Alan Davis pencils the four chapter title story, with the all-out action and sinister subversion starting right in the middle of the mayhem as our horrified hero desperately tries to talk down a spree-killer with an impossibly powerful supergun in the midst of a body-strewn hostage situation. Partially disintegrated, Wolverine can only attempt to reason with the man until his arms and legs grow back.
It’s an impossible situation, and even after Wolverine seems to have saved the day it reignites, the perpetrator this time a ten year old boy. The hunt of the title concerns Wolverine’s attempts to track him down as the killing continues, but without harming a child. If that wasn’t complicated enough, there’s also a problem with the cops.
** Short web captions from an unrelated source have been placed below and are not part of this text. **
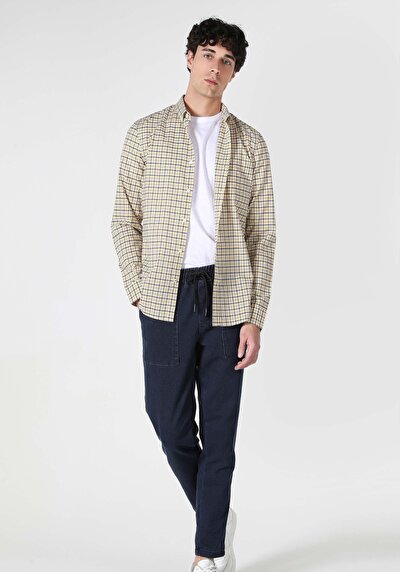 صورة من قميص نحيف رقبة منقوشة رجالي ساري كم طويل قميص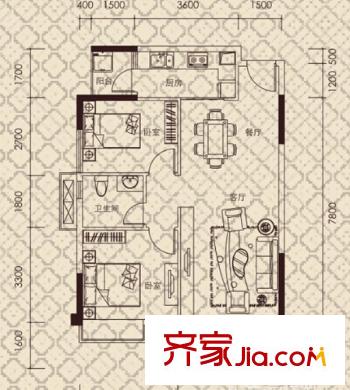 麗華苑戶型圖二室二廳 戶型圖 2室2廳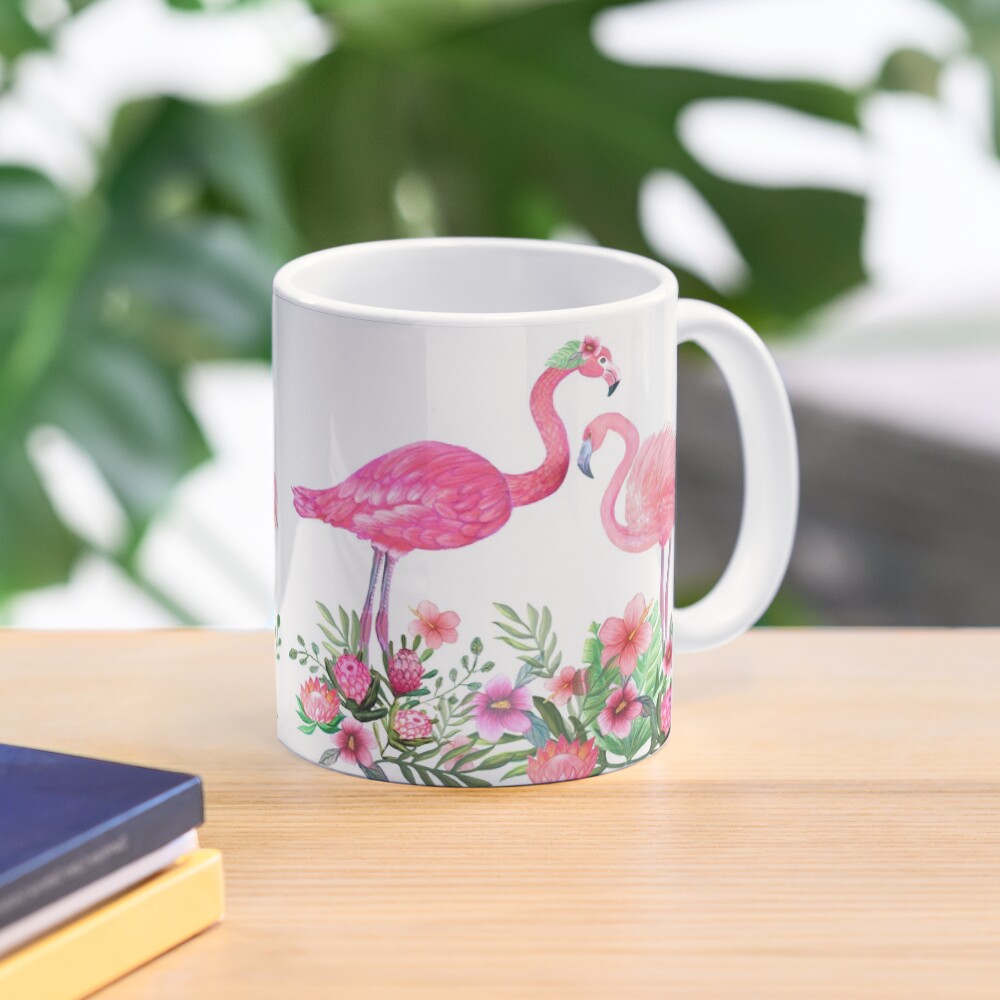 Pink Flamingo Watercolor painting with Protea, Hibiscus and Palms Mug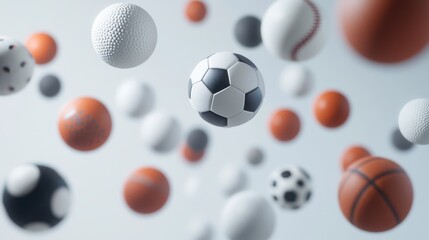 Colorful collection of sports balls floating in the air. Various types include soccer, basketball, and more. Perfect for sports themes and inspiration.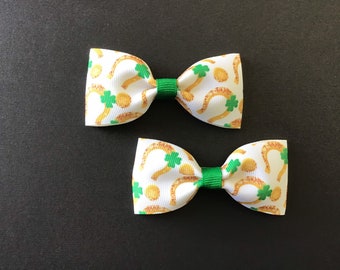 All Things Lucky Hair Bow Pair - Horseshoes, Coins, and Four Leaf Clovers for St. Patrick’s Day
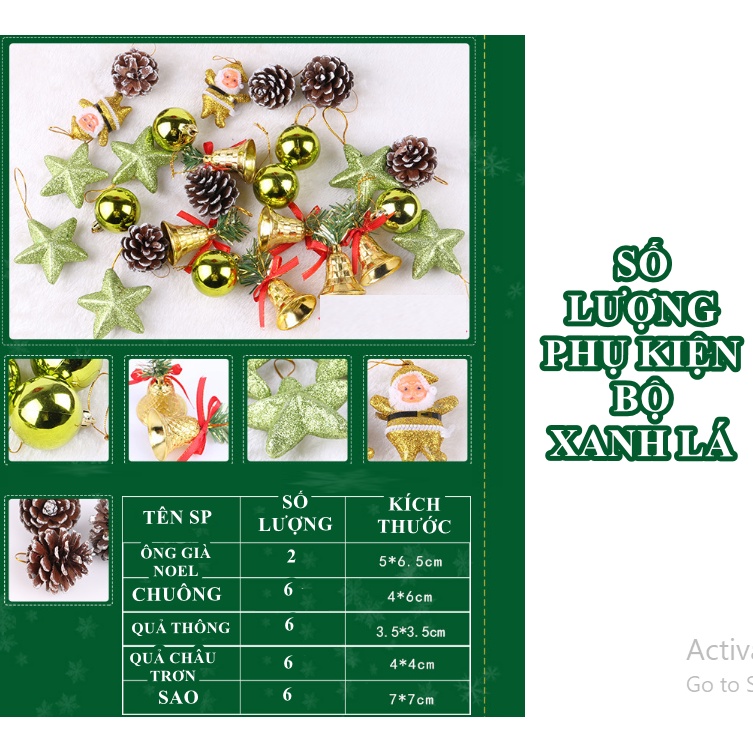 Bộ phụ kiện trang trí noel nhiều món MẪU E16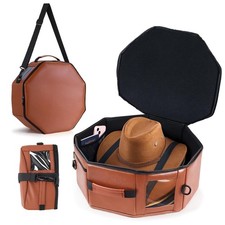 Vegan Leather Cowboy Hat Box for Travel, Large Octagonal, Brown Hat Travel ...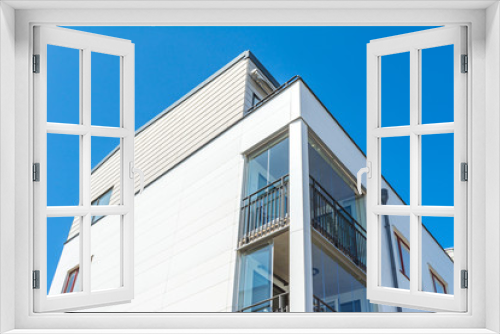Fototapeta Naklejka Na Ścianę Okno 3D - Modern Luxury Scandinavia Apartment Building Blue Sky Facade Home Residential Structure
A trio of them intercept a gang of drug-dealers before suddenly acquiring a strange smell and completely detached attitude. In unison, they turn on and dispatch the guy who turned up late.
Cornell escalates the situation with the arrival of Nick Fury, and then, scarily, via Wolverine’s bizarre vision in which the cosmic observer known as The Watcher appears. It’s only to the mutant’s enhanced senses, but indicates that whatever is going on it’s a danger to the entire universe.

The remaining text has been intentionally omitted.